== WORK TO COMPLETE ==
Exact copies of all the lines below are needed, without the pictures.

== EXERCISE DATA ==
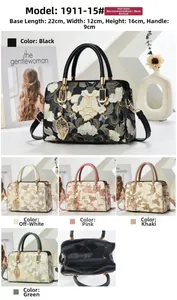Close-up of internal compartments and floral embroidery of the faux leather handbag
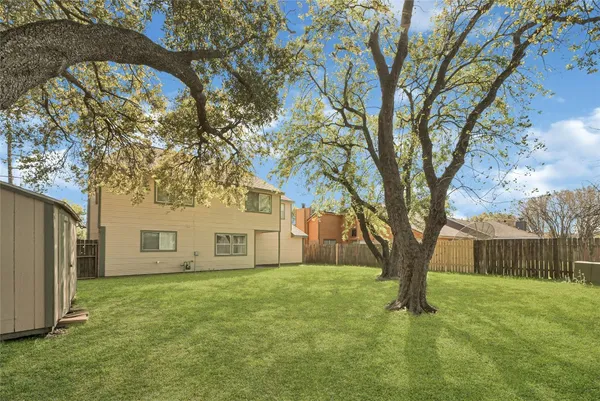 a view of a house with a tree in the background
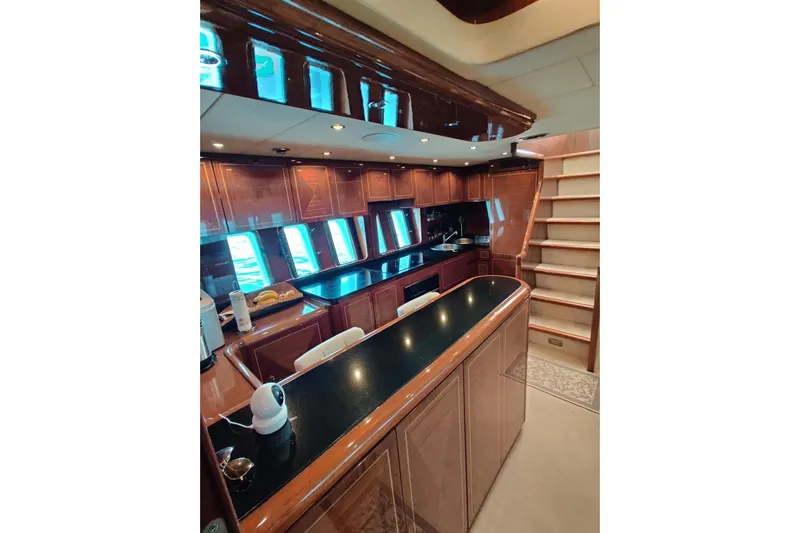  Yacht Photos Pics Luxurious 2004 Mangusta 72 yacht interior with elegant wood cabinetry and modern kitchen amenities.
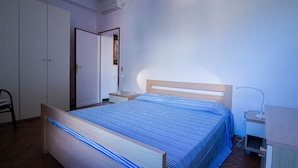 Une chambre à coucher avec un lit, une table de chevet, une lampe et une armoire.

== RESULT ==
Close-up of internal compartments and floral embroidery of the faux leather handbag
 a view of a house with a tree in the background
  Yacht Photos Pics Luxurious 2004 Mangusta 72 yacht interior with elegant wood cabinetry and modern kitchen amenities.
 Une chambre à coucher avec un lit, une table de chevet, une lampe et une armoire.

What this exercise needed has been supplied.